We can take some aspects of skating (like physics, anatomy, and geometry) as hard facts but all aspects are subject to personal preference. If you’re told that the skates you’re buying are three sizes too big but you knowthat’s your preference and you skate best that way then you do you.
So don’t give up on a boot too fast! Just like it’s hard to imagine how you’d function in a room without furniture, judging a boot without some “interior design” is premature.
- CUFF HEIGHT
- HEEL HEIGHT
- MATERIAL CONSIDERATIONS
- PICKING A SIZE
- WIDTH CONSIDERATIONS
- SOLE ISSUES (Arch, Instep, Heel Lift)
High cuffs, as high as six inches on traditionally-styled skates, provide much more ankle support as you would expect. This is an advantage if you have ankle problems or are challenging your ankles with large drops or jumps.
Lower cuffs free up your ankles which allows a skater to finesse through losses of balance due to derby hits or cock-eyed landings.
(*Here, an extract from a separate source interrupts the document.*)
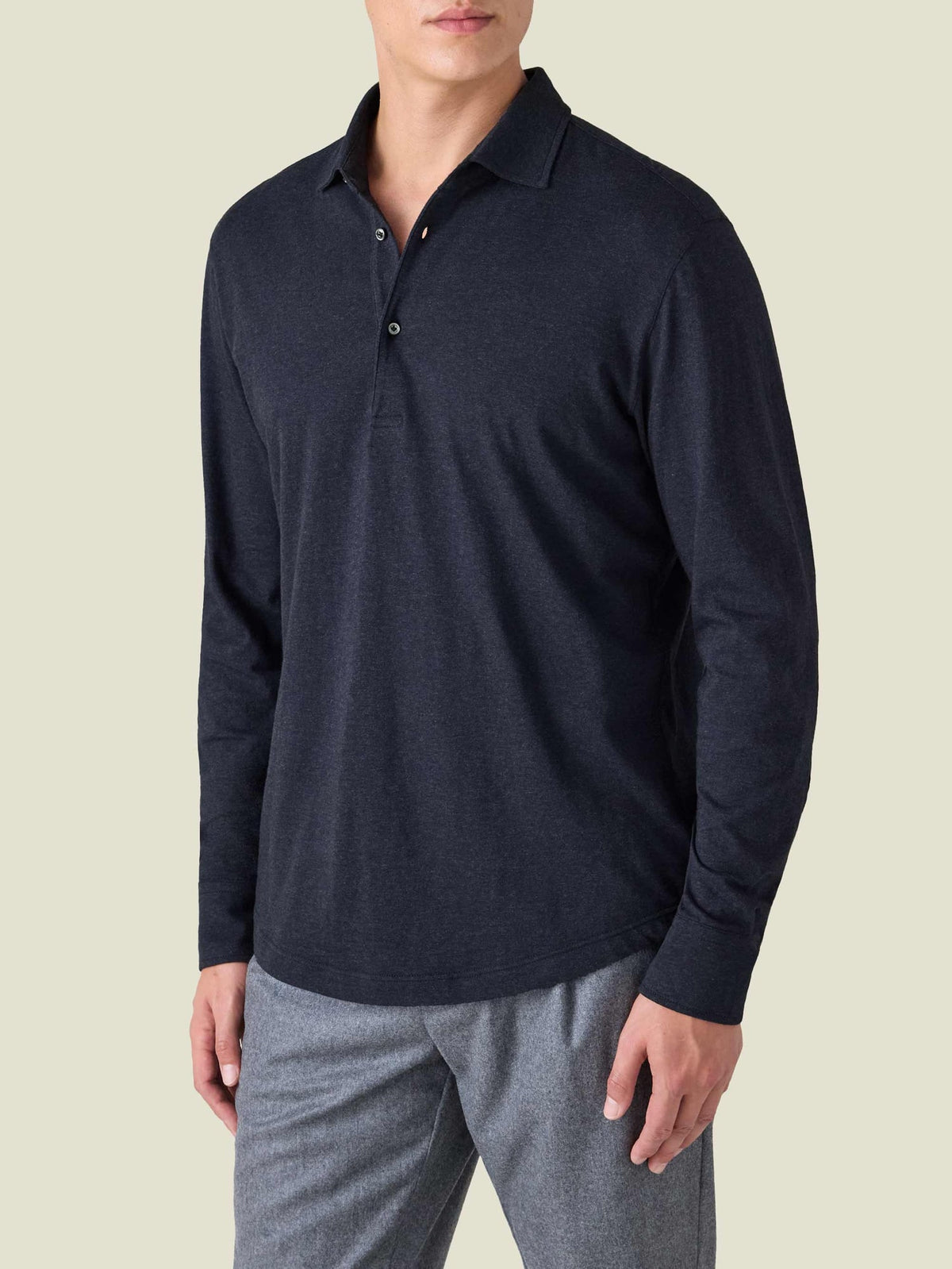 A man models the Cashmere-Cotton Long Sleeved Polo Shirt in Midnight Blue, shown from a three-quarter front view.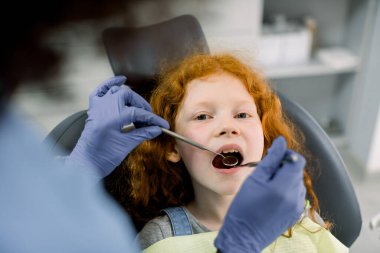Diş kliniğinde bir çocuk. Kırmızı kıvırcık saçlı küçük bir kızın portresi, dişçi koltuğunda ağzı açık bir şekilde otururken dişi Afrikalı dişçi diş aynası kullanarak diş kontrolü yapıyor.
It also allows considerably more leverage in your push which contributes power (and you go faster).
There’s of course variations like Antik’s high boots which have high cuffs but are low at your achilles which give support laterally but flexibility for pushing or running on your toe stops. Many hockey skates are high in the front and back but lower on the sides giving support and flexibility accordingly.
This aspect of your skate is the hardest to describe in words. It really is an advantage to be able to actually try skates on but I want to give you some information to go on. I’m unaware of a boot that doesn’t have at least a little bit (a few millimeters) of heel rise but there’s options up to almost an inch and a quarter of heel rise. Raising your heel puts your weight on your toes, which makes you bend your knees, which lowers your center of gravity, which makes you a better skater for multiple reasons. So could there be any disadvantage to elevated heels?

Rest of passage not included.